Enfin, les appelants ne versent aux débats aucune pièce relative à un dégât des eaux qui aurait endommagé le logement et les photographies qu’ils versent aux débats ne révèlent, à l’exception de prises arrachées et d’un décollement minimal de revêtement

mural, aucun des graves désordres qu’ils énoncent dans le cadre de la procédure judiciaire.

Au regard de l’ensemble de ces éléments, il convient de constater que les appelants échouent à rapporter la preuve de ce que le logement présentait un caractère indécent ou insalubre.

Il a été retenu à juste titre par le premier juge que les locataires, qui ne rapportent pas la preuve de ce que les désordres mineurs affectant le logement le rendaient inhabitable ou même limitait de quelque façon leur jouissance des lieux, ne pouvaient, sans autorisation judiciaire, opposer l’exception d’inexécution et se dispenser du règlement des loyers et des charges ; qu’il n’y a pas plus lieu à réduction du loyer ou à l’octroi de dommages et intérêts.

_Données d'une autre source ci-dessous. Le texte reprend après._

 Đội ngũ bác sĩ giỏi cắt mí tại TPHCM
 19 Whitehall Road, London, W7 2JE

C’est en conséquence à juste titre, par une décision qui sera confirmée, que le premier juge a condamné les époux [U] au paiement de l’arriéré locatif d’un montant total de 26 208,86 € à la date de leur départ des lieux et qu’il a rejeté leur demande en dommages-intérêts pour un préjudice de jouissance, qui n’est nullement établi.

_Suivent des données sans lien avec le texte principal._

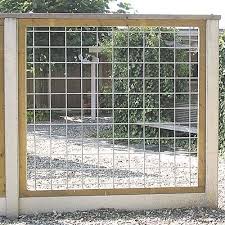 gaas schutting met klimplant tussen buurvrouw en ons tuin schutting tuinschutting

La décision déférée sera également confirmée en ce qu’elle a rejeté la demande de délai de paiement, dans la mesure où les locataires ont manqué depuis le début du bail à l’exécution de leur obligation de payer le loyer et les charges ; qu’ils sont en tout état de cause dans l’impossibilité d’apurer substantiellement la dette dans le délai maximal de vingt-quatre mois qui pourraient leur être consenti, étant relevé qu’il a été retenu pour le couple des revenus totaux de 1 771 € dans le cadre de leur demande d’aide juridictionnelle.

Sur les frais et dépens :

Les dispositions du jugement déféré quant au frais et dépens seront confirmées.

Partie perdante, Monsieur et Madame [U] seront déboutés de leur demande fondée sur l’article 700 du code de procédure civile et seront condamnés aux dépens de l’instance, conformément aux dispositions de l’article 696 du même code, sans inclusion des frais de l’article 10 du décret n° 2001-212 du 8 mars 2001.

Il sera alloué à l’intimée la somme de 1 000 € en compensation partielle des frais non compris dans les dépens qu’elle a dû exposer pour défendre ses droits en appel.

PAR CES MOTIFS

LA COUR, statuant publiquement, par arrêt contradictoire,

CONFIRME le jugement déféré,

Y ajoutant,

CONDAMNE Monsieur [M] [U] et Madame [G] [K] épouse [U] à payer à la société Somco la somme de 1 000 € par application de l’article 700 du code de procédure civile,

DEBOUTE Monsieur [M] [U] et Madame [G] [K] épouse [U] de leur demande fondée sur l’article 700 du code de procédure civile,

CONDAMNE Monsieur [M] [U] et Madame [G] [K] épouse [U] aux entiers dépens de l’instance d’appel, sans inclusion des frais de l’article 10 du décret n° 2001-212 du 8 mars 2001.